> Problem details: What is needed is an exact reproduction of the lines from the one that contains "Meuble à chaussures" through the end of the data, both included and nothing else, with pictures omitted.

> Source data:
*** Block opens ***

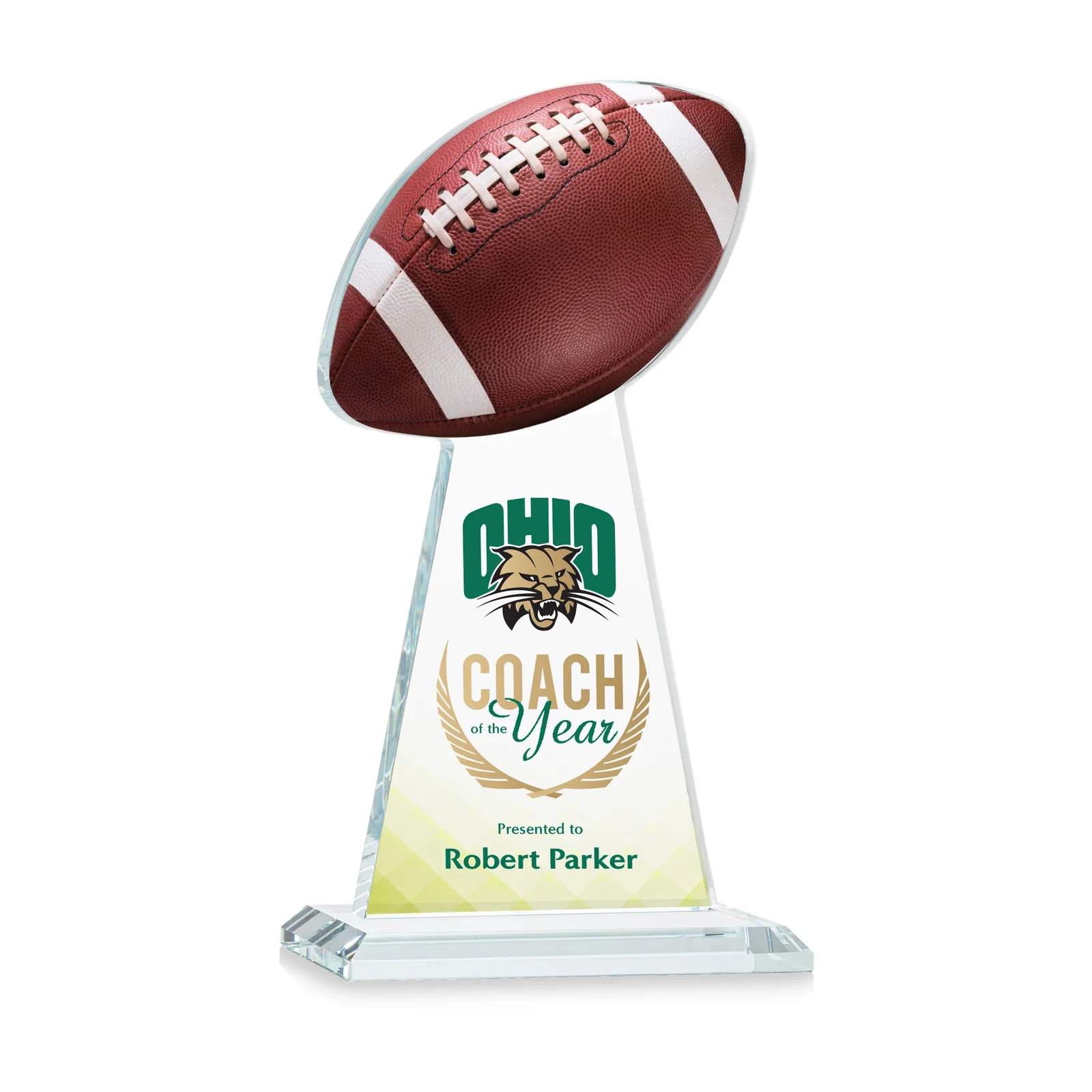 Branded Starfire Crystal Award With Football-Shaped Peak for sales achievement awards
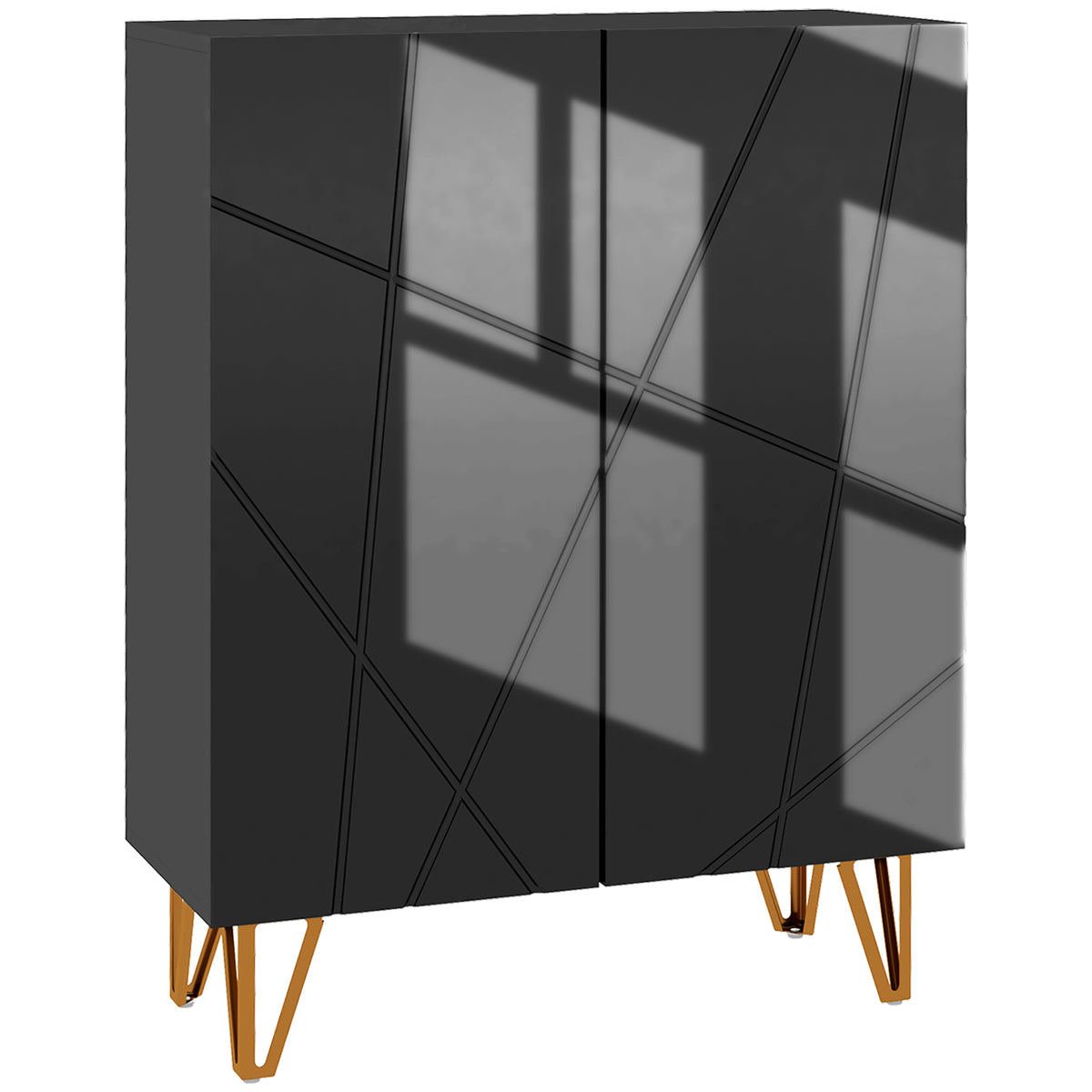 Meuble à chaussures 2 portes, étagères réglables, 72 x 31,5 x 95 cm noir laqué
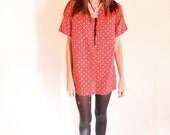 SARAH 70s Handmade Retro Calico Slouchy Bohemian T Shirt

*** Block closes ***

> Response area:
 Meuble à chaussures 2 portes, étagères réglables, 72 x 31,5 x 95 cm noir laqué
 SARAH 70s Handmade Retro Calico Slouchy Bohemian T Shirt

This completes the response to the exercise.